This is a pump column AND a hazmat container, all in one. Like a pinata, but, you know, full of tampons and oil sludge

Saturday, June 23, 2012

Ye Olde Newe Yorke Banana Hammock

Boxer briefs are acceptable, comfortable underwear for portly but active men like me. There's the support of briefs, keeping one's bojangles from bojangling, plus the extra coverage so as not to look like a 6-foot tall hairy toddler.
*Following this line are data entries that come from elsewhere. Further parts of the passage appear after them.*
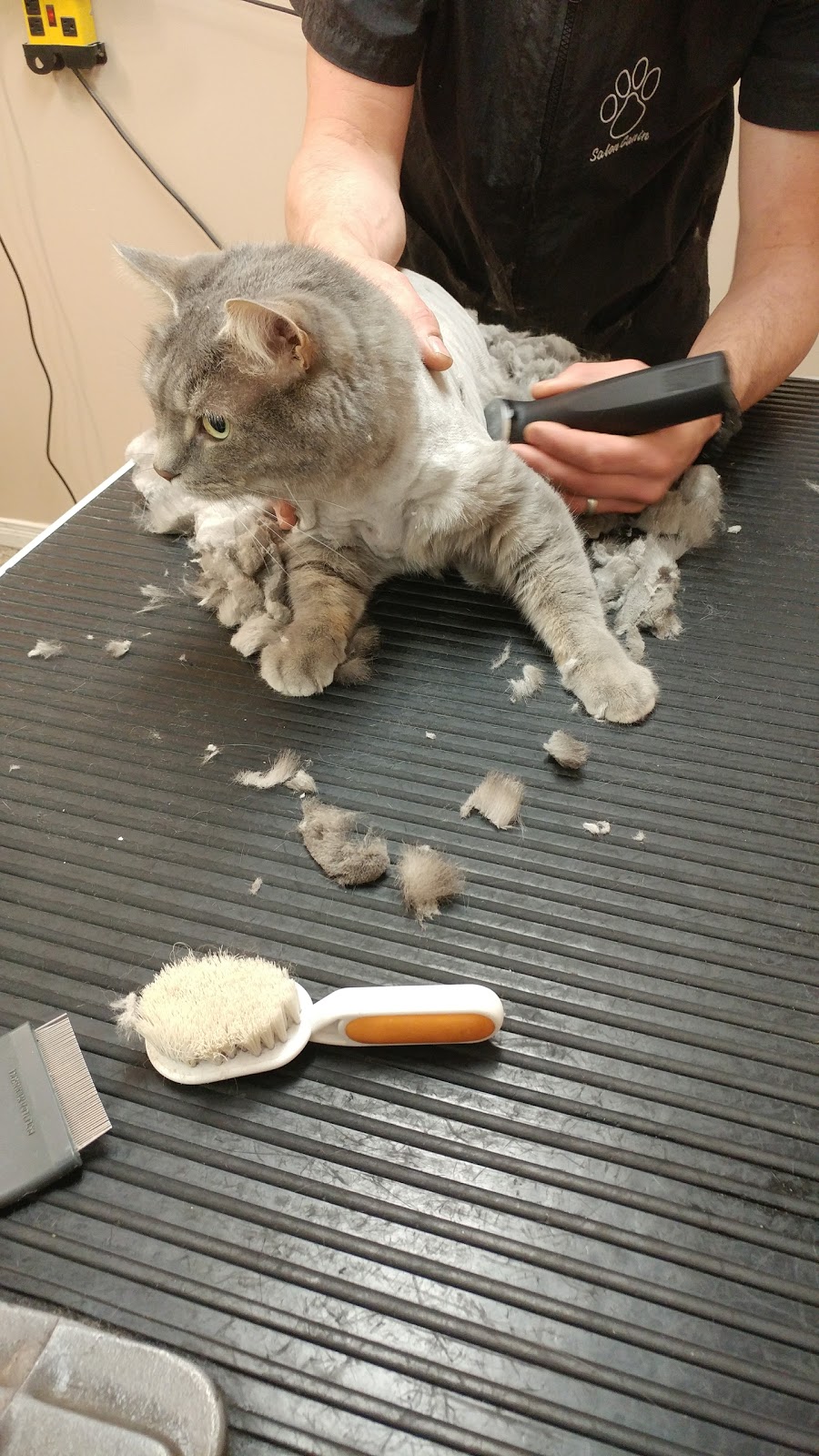 Salon Canin | 1443 Bd Pie-XI S, Québec, QC G3K 1H2, Canada | Phone: (418) 683-1121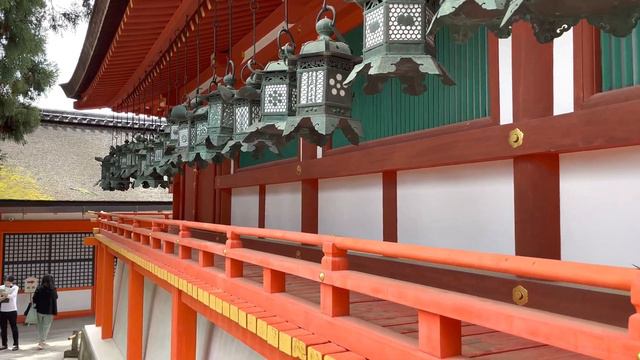 世界遺産 奈良春日大社を散歩 4K HDR #japan #japantravel #4k #walking #worldheritage смотреть онлайн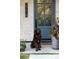 Charming blue front door with address numbers, flanked by potted plants, and featuring a sweet dog at 1641 S Corona St, Denver, CO 80210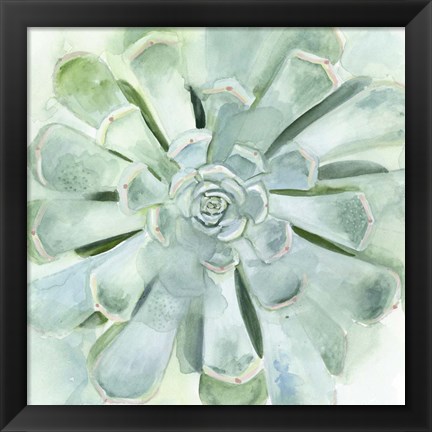 Framed Verdant Succulent IV Print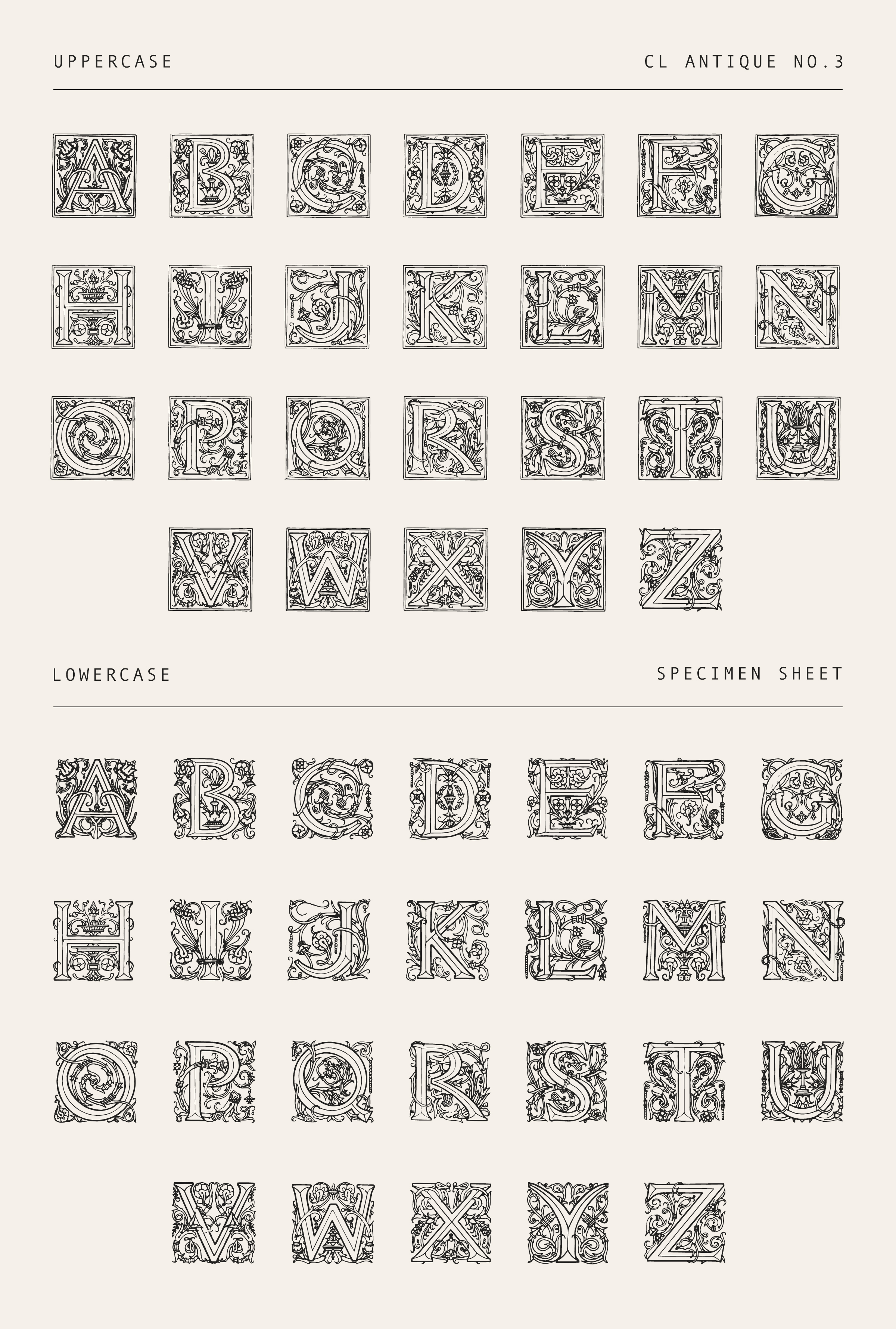 Highly Ornate Vintage Drop Cap Font – 1800s Engraved Lettering with Decorative Flourishes (CL Antique No.3)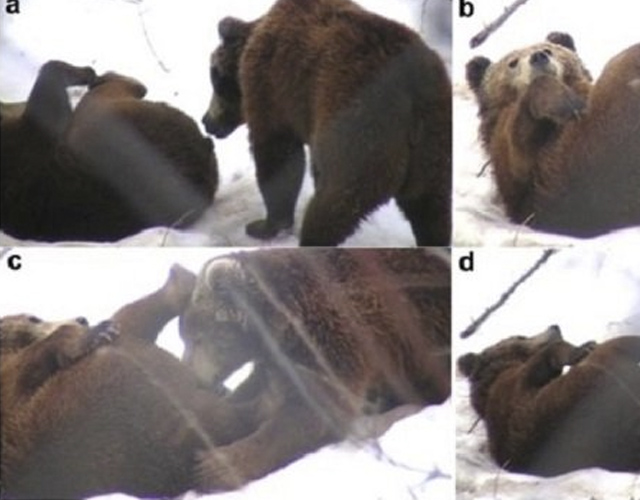 Unos científicos descubren a dos osos en cautividad disfrutando de sexo gay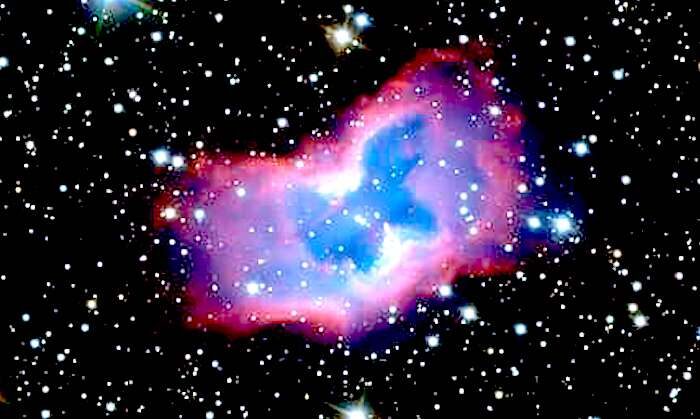 Space butterfly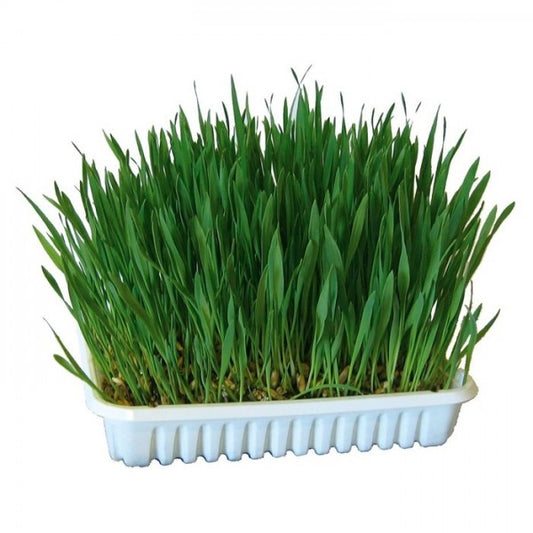 Tabuleiro de erva para roedores 100g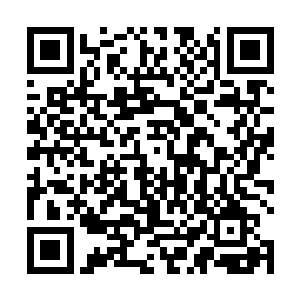 蒋云知道赵虎既然能够取得联邦大学初试第一名的成绩二维码生成
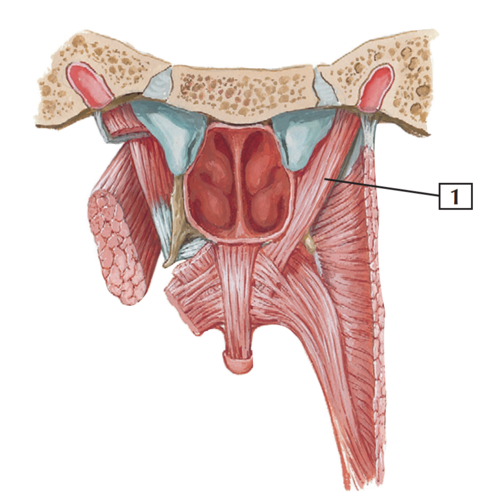lifts velum up and back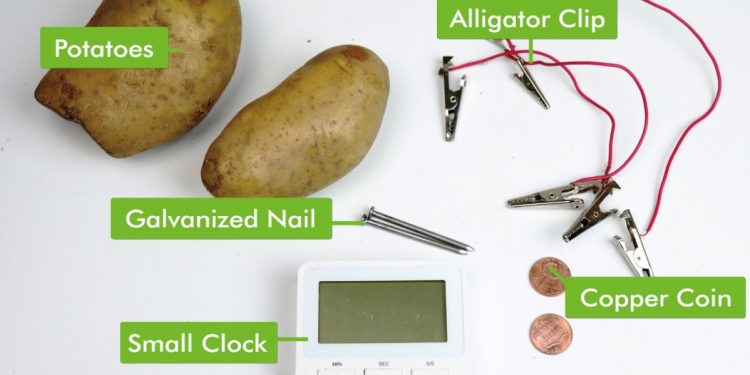 La antena de patata y las agujas de punto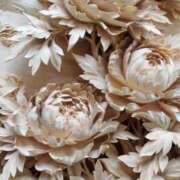 ヒメ日記 2025/11/05 19:50 投稿 りく AFTER V（アフターファイブ）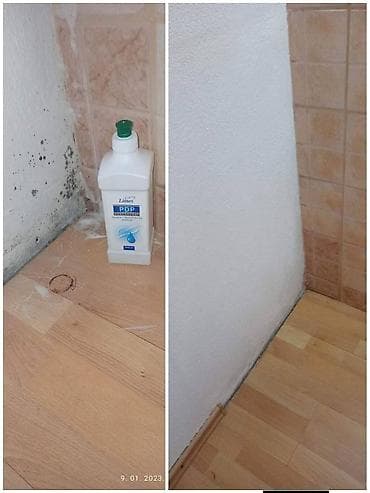 🌿 PDP koncentrat – efikasno protiv buđi! 🌿 Za zdrav i čist dom bez na lalafo.rs — 2 🌿 PDP koncentrat – efikasno protiv buđi! 🌿 Za zdrav i čist dom bez — 2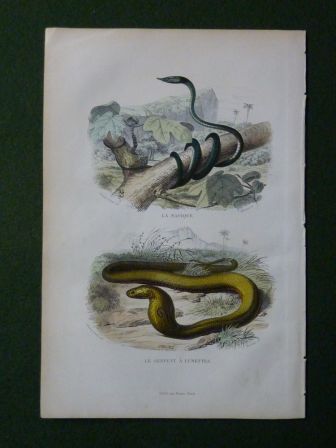 Ancienne gravure couleurs le nasique le serpent à lunettes Édouard Traviès Histoire Naturelle de Lacépède 1847 animaux zoologie serpents Ancienne gravure couleurs le nasique le serpent à lunettes Édouard Traviès Histoire Naturelle de Lacépède 1847 animaux zoologie serpents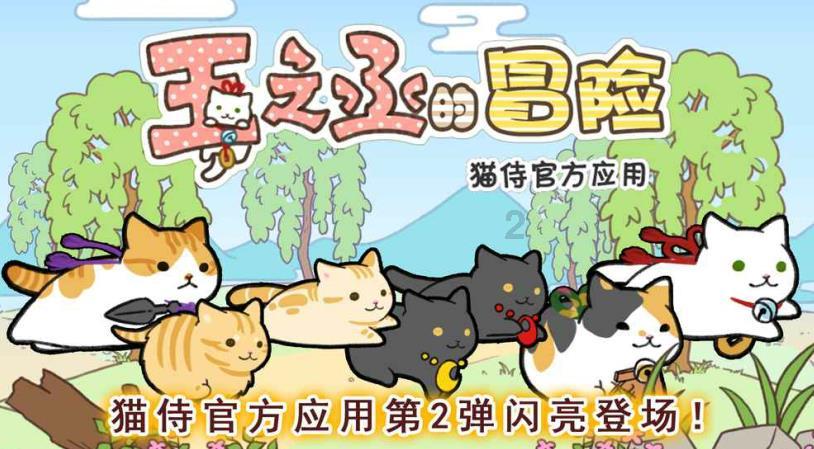 八旬老人误入山林 警民接力搜救18小时后将老人安全救回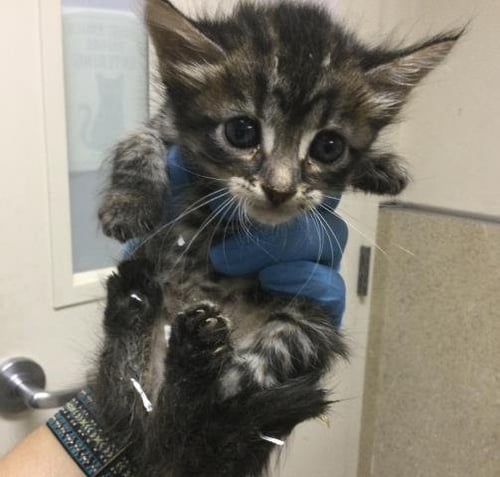KERRY - Domestic Short Hair available for adoption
    The first time Inappropriately Hot Foreign Wife saw me in my unmentionables (2 weeks after my wedding night, Ma, I swear!), which were semi-worn boxer briefs that had lost the elasticity around my legs, she had never seen boxer briefs, having never been involved with anyone from outside her own country, where briefs are, hilariously, still the norm. She later told me that she thought I had an incontinence problem or something, and was wearing some sort of adult diaper, so, while I think of it, Calvin Klein should go take a flying fuck at a rolling doughnut for making me look like Mr. Poopypants. In fact, I thought that "Frouda" was the Portagee word for underwear, and only learned last year that she taught me the word for 'diaper' in its' place, since I remember nouns by pointing and asking names in her language, and used my own froudas to ask their name.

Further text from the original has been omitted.